Even though she was ninety-six-years-old, it seemed that she would live forever. She had slowed down a bit recently, but still always looked great and vibrant. Heck, she was just riding her beloved horse a couple of months ago!
Still, for some unknown-even-to-me reason, I had been more concerned for her than usual this week. But, because I’ve been watching the US Open tennis non-stop for almost two weeks, and was always behind, I’ve been shunning all news so as to not find out any results that I haven’t witnessed for myself. But something woke me at 5:30AM yesterday morning, on very little sleep, and I felt compelled to check the Daily Mail,(don’t judge,) to see if there was any news of the Queen feeling better.
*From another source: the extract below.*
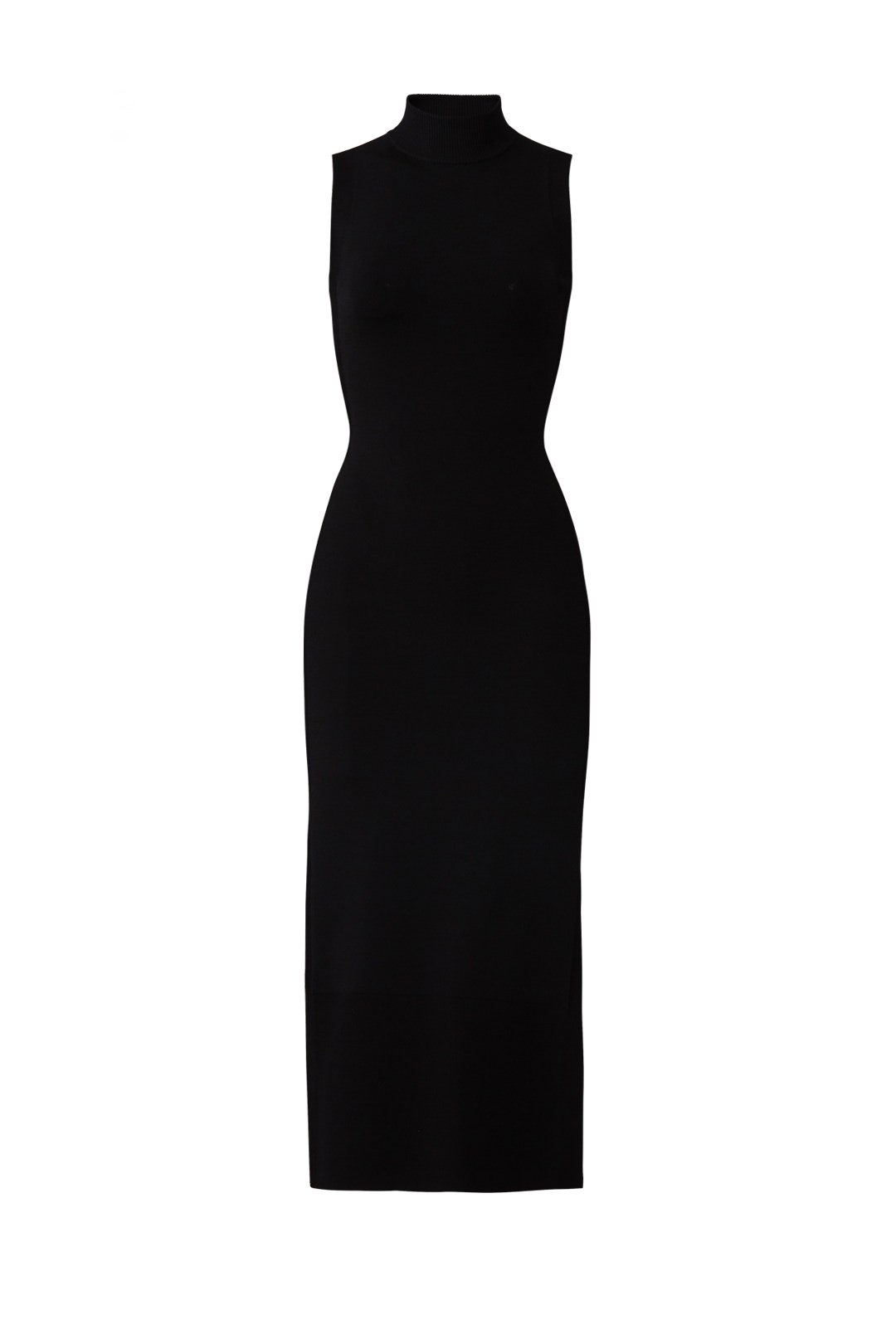 Compact Column Slit Dress by Nicholas 3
And there was the shocking news that her doctor had told her family to rush to her side.
I couldn’t believe it; it just seemed that if she wasn’t feeling well, the Queen would either rally completely, as she always has, or hold on for at least a few more days. I had to get right out of bed and check on the news about her health every few minutes. And then I took off for my first event in a week and a half.
When I saw that Mr. X was calling me while I was out, my heart stopped—I knew right away that the Queen had died.
I skipped dessert, (which you know means I was incredibly upset,) and came home to write this tiny tribute to her.
But my head is spinning. I can’t get it together to write anything very coherent right now. I just wanted to pay my public respects to her as soon as possible. And I felt it would be just way too inappropriate to post anything else in this spot today, especially the planned article about certain people not being “stars” on a shallow dance show.
I’ll try to write a more heartfelt tribute to her in a few weeks, when I’ve stopped crying and have begun to wrap my mind around the woman who has been my only Queen in my lifetime not being such anymore.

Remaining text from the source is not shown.